The theatrical model I grew up with is dead.
Sure, theatrical release is still the first stop for studio films, for the most case, but the window between when something plays in a theater and when it arrives at home is shrinking rapidly, and today, Universal Pictures unveiled a startling plan to bring the big-budget comedy “Tower Heist” to VOD a mere three weeks after it hits theirs on November 4.
They’re going to be testing the idea in Portland, OR and in Atlanta, GA, and it’s got a steep ticket price. $59.99 is more than any typical PPV movie charges, but it’s not typical in any way. If this does work, it could change the way studios handle big-ticket releases, and I would bet they’ll telescope the release dates even more. If they can get people to pay $60 a pop to sit at home and watch a big new release, why not do it on opening weekend? Why not go ahead and start at day one?
This is not a new idea, of course. I remember in 1983 when Universal tried a similar experiment through cable services for “The Pirates Of Penzance.” At that point, it was only in one market, and only through a service called SelecTV, but the idea was the same. Simultaneous home and theatrical releases do not play well with theater owners for obvious reasons. As home theaters get better and better and prices on Blu-ray players and giant screens keep falling, it is probably good that theater owners are afraid, because many people are opting out of the theatrical experience altogether.
It’s a strange time for the entire industry.

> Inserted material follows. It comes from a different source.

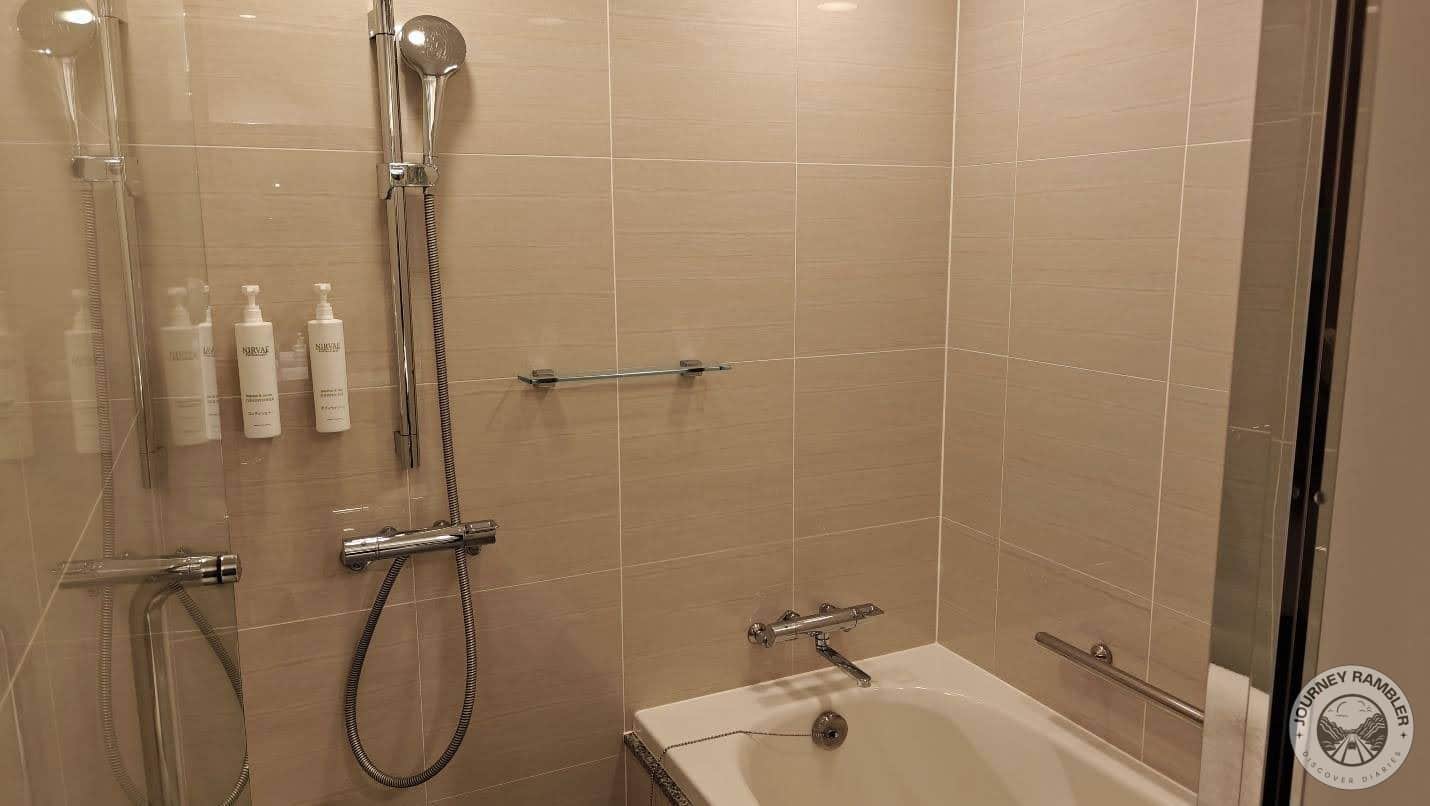 bathtub and a hand shower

Companies that adapt are going to do better than companies that dig in their heels out of fear, which is what happened in the spring when Universal and other studios tried a similar idea with DirecTV and a 60-day window between theatrical and VOD. That was at a lower price point, too.
“Tower Heist” is a big movie for Universal, their biggest holiday release, so this is a real test. Three weeks means the movie will still be onscreen in almost every major market. What I’m really curious about is how widely this will be promoted in those markets, and what effect, if any, it has on the first weekend’s gross in those markets. Will people stay home thinking they can just see it a few weeks later? Or will they even know about this test? According to the story in the LA Times, Universal is offering to compensate exhibitors if they lose significant ticket sales, but I’m not sure how they’re planning to measure that or determine what they owe.

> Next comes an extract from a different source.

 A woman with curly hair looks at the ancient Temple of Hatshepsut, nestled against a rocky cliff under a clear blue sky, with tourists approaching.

What I’m really curious about is what backlash there might be from theater owners. They don’t have to play “Tower Heist,” and if they really wanted to push back against Universal’s idea, not booking it in any Portland or Atlanta theaters would be the way to accomplish that.
Still, all of this is hypothetical, and until they play out the experiment, there’s no way of knowing how consumers and companies will react. One thing’s for sure, though… the entire industry will be paying very close attention.
“Tower Heist” arrives in theaters November 4, 2011.